Pressured Fed Mulls Controversial Inflation Idea

Thursday, 07 Oct 2010 03:51 PM

The U.S. Federal Reserve is running short of tools to tackle uncomfortably low inflation, and officials are now mulling whether it might help to shoot for inflation above their informal target.

Two top Fed officials, including the influential vice chairman of the central bank's policy panel, have suggested the Fed consider making up for inflation shortfalls now by aiming for higher inflation later.

This could help return the price level to what was expected by people who signed long-term contracts before inflation slowed and could help support expectations of future inflation in a way that could battle deflation risks.

In theory, so-called price level targeting can ease financial conditions: If people expect inflation to go up in the future, the real cost of credit — which is adjusted for inflation — would fall.
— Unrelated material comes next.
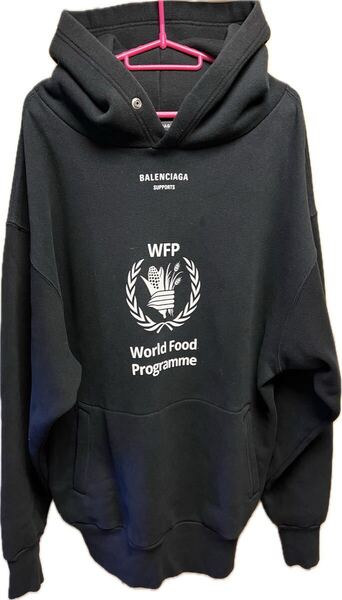 正規 18AW BALENCIAGA バレンシアガ DEMNA GVASALIA デムナ ヴァザリア WFP World Food Programme パーカー 黒 XS 541870 TCV34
New York Fed President William Dudley, the vice chairman of the policy-setting Federal Open Market Committee, has said that to the extent such a policy were credible it could help keep inflation expectations from falling.

"This might make monetary policy more stimulative and, thus, might help the FOMC achieve its objectives more quickly," he said on Oct. 1.
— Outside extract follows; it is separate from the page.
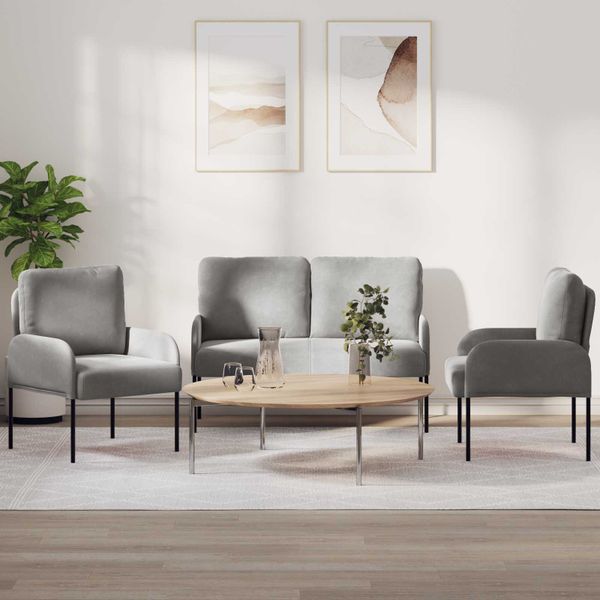 vidaXL Súpravy pohoviek 3 pcs Svetlosivá 115 x 56 x 80 cm Preglejka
The Fed, with a dual mandate of promoting full employment and price stability, has already cut interest rates to the bone and bought $1.7 trillion of assets to further lower borrowing costs. Markets expect the Fed to embark upon a new program of asset buying as early as its next meeting on Nov. 2-3.
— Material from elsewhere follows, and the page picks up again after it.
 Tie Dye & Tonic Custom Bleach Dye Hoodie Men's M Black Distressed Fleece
Chicago Fed President Charles Evans, in an interview with the Wall Street Journal earlier this week, said he worried asset purchases may not be enough on their own to push inflation higher and may need to be supplemented by other options.

But many experts — including Dudley himself — say a price-level target is difficult to communicate to the general public whose views of future inflation may be closely tied to what has happened with prices in the past.

"A price-level target is really a gamble on whether people are forward looking," said Charles Goodhart, a professor at the London School of Economics. "The problem is that most evidence suggests that most of the time people are backward looking, so it won't have an impact on inflation expectations."

There is also the risk that the targeting hurts the Fed's hard-won credibility if it fails to deliver on its promise. And it could bind the hands of future Fed policy-makers, who may not be willing to tolerate slightly higher inflation.

THEORY ONLY?

Fed Chairman Ben Bernanke appears to have some strong reservations about the tool.

Speaking in August, Bernanke said a price-level targeting strategy "is inappropriate for the United States in current circumstances" when inflation expectations and actual inflation were within ranges consistent with price stability.

The Fed has an informal inflation target of 1.7 to 2 percent. For the 12 months through August the core personal consumption expenditure price index, the Fed's preferred inflation gauge, was running at 1.4 percent.

"I believe the chairman would only favor this after deflation has taken hold, based on his previous comments. As of now, I think it's on the table but just as a discussion point," said Michael Gapen, director of U.S. economics research at Barclays Capital and a former Fed staffer.

The communications challenge is also something that has so far kept the Bank of Canada, which has an inflation target of 2 percent, from implementing a price-level target, even though it has been studying it as an option since 2006.

Another concern is that the approach would necessarily be asymmetrical. When inflation was running above target, officials may be hesitant to intentionally push it below target out of fear of creating a deflation risk.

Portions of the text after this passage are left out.